Christened July 14 at Quincy, Massachussetts shipyards is the United States' first nuclear-powered surface vessel ...
Christened July 14 at Quincy, Massachussetts shipyards is the United States' first nuclear-powered surface vessel ... the 14,000-ton guided-missile cruiser Long Beach.
At the ceremony, Atomic Commissioner Harold S. Vance said, the conversion of the Navy to nuclear power was now well under way. The Long Beach - the Nautilus of the nation's surface naval forces - will have an endurance and mobility capable of outstripping her conventional predecessors.
Long Beach, 721 feet long, Scheduled for completion late 1960, will have two pressurized water reactors to give virtually unlimited travel for unprecedented distances at high sustained speed. It is scheduled to join the Fleet in 1961.
The cruiser, costing GBP60M - the price of Britain's biggest nuclear power station - will be the first to carry two air defence systems: Talos and Terrier, the guided-missiles. Another missile will be the Regulus Two.
Long Beach's commanding officer will be Captain Eugene Wilkinson, the captain of the Nautilus before its historic voyage under the North Pole.
Nuclear-powered navy ships under construction at U.S. yards include the aircraft-carrier Enterprise and the guided-missile destroyer leader Bainbridge.

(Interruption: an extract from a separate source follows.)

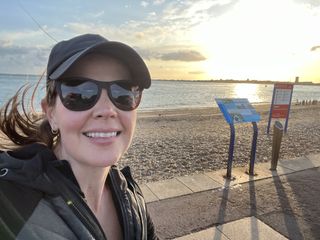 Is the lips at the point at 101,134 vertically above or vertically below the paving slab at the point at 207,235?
above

More than 7,000 spectators, including high ranking Navy officers were at the Quincy yards as Mrs. Craig Hosmer, wife of the U.S. representative of Long Beach, California, crashed - after the first attempt failed - the traditional bottle of champagne on the bow of the cruiser. Among the guests of honour: Admiral Arleigh A. Burke, the Chief of Naval Operations: Vice-Admiral W.N.Beakley. Deputy Chief of Naval Operations: and Rear-Admiral R.K.James. Chief, Bureau of Ships.